From the first line to the last, copy the listing exactly and omit the images.

_RECORDED DATA_
○ ○ ○ ○ ○ ○ ○
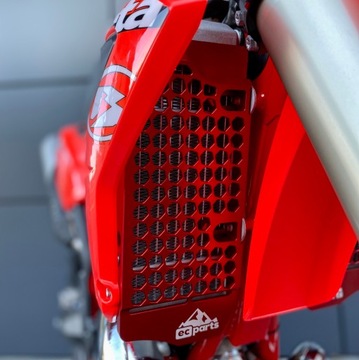 Алюминиевые крышки радиатора EC Parts Beta RR 200–250–300 MY20-MY24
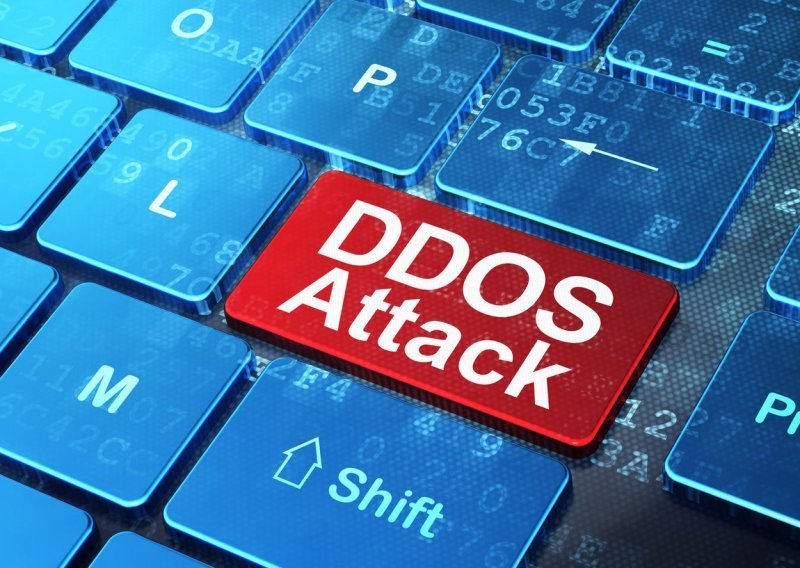 U samo godinu dana, DDoS napadi su se pojačali za čak 71 posto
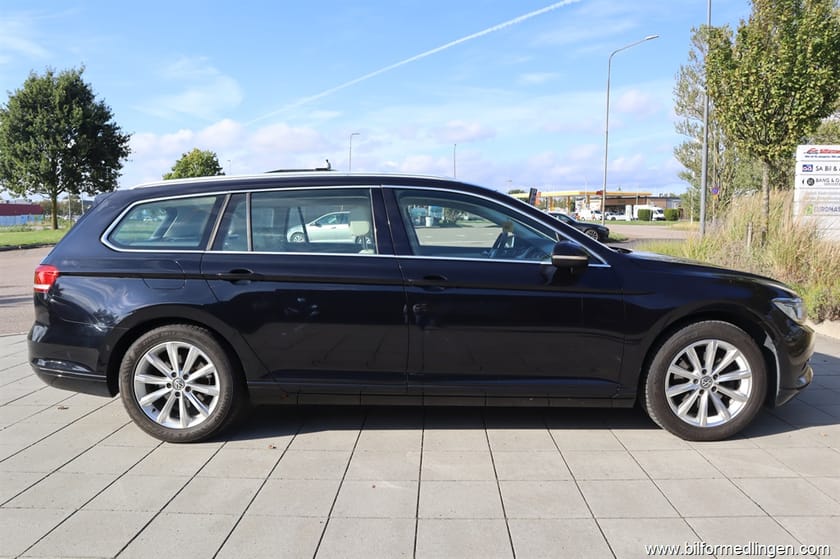 Bild 4 av Volkswagen Passat Sportscombi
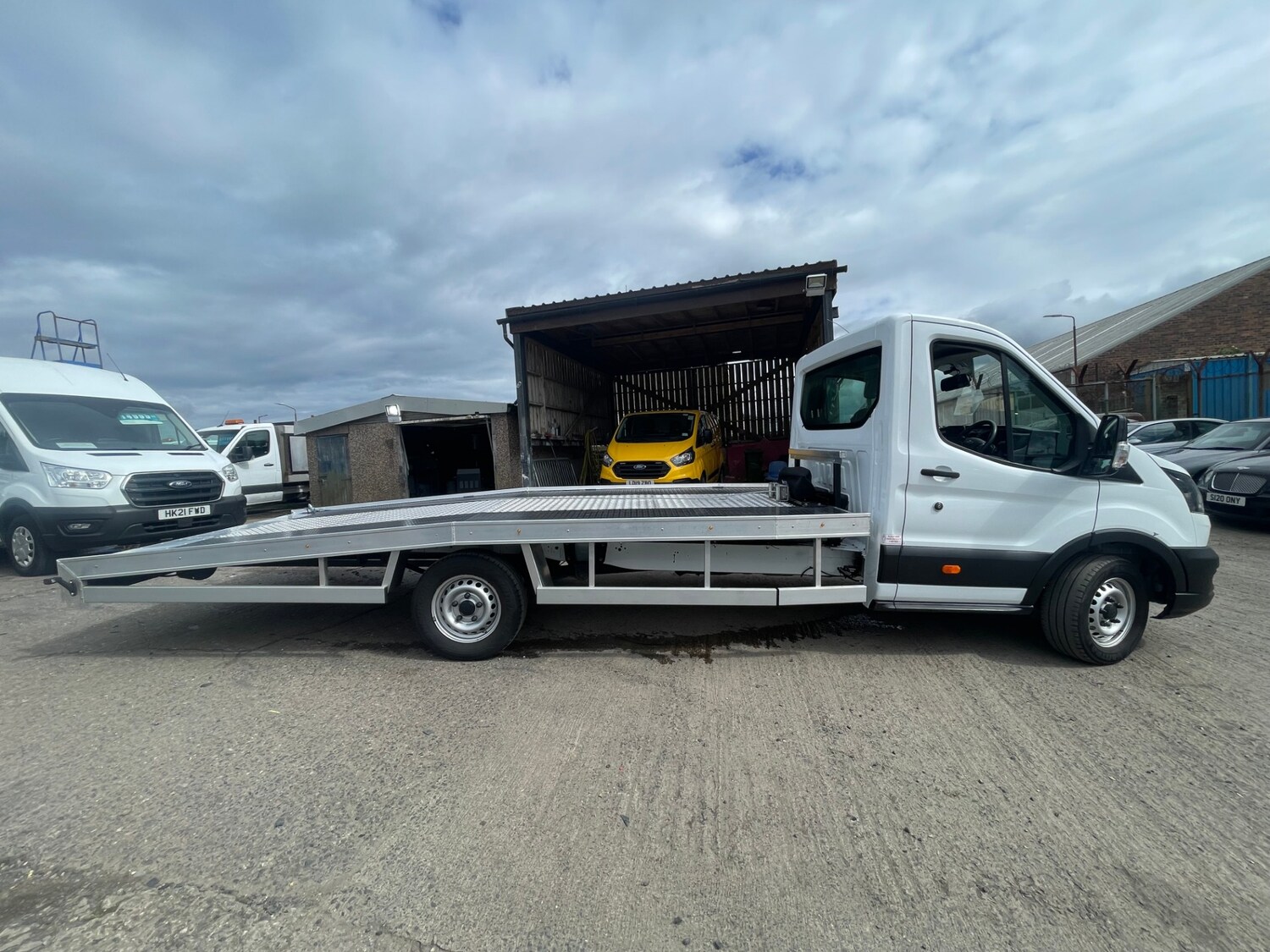 Used Ford Transit 2021 for sale - 77740125: Photo 15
○ ○ ○ ○ ○ ○ ○
_WRITTEN SOLUTION_
 Алюминиевые крышки радиатора EC Parts Beta RR 200–250–300 MY20-MY24
 U samo godinu dana, DDoS napadi su se pojačali za čak 71 posto
 Bild 4 av Volkswagen Passat Sportscombi
 Used Ford Transit 2021 for sale - 77740125: Photo 15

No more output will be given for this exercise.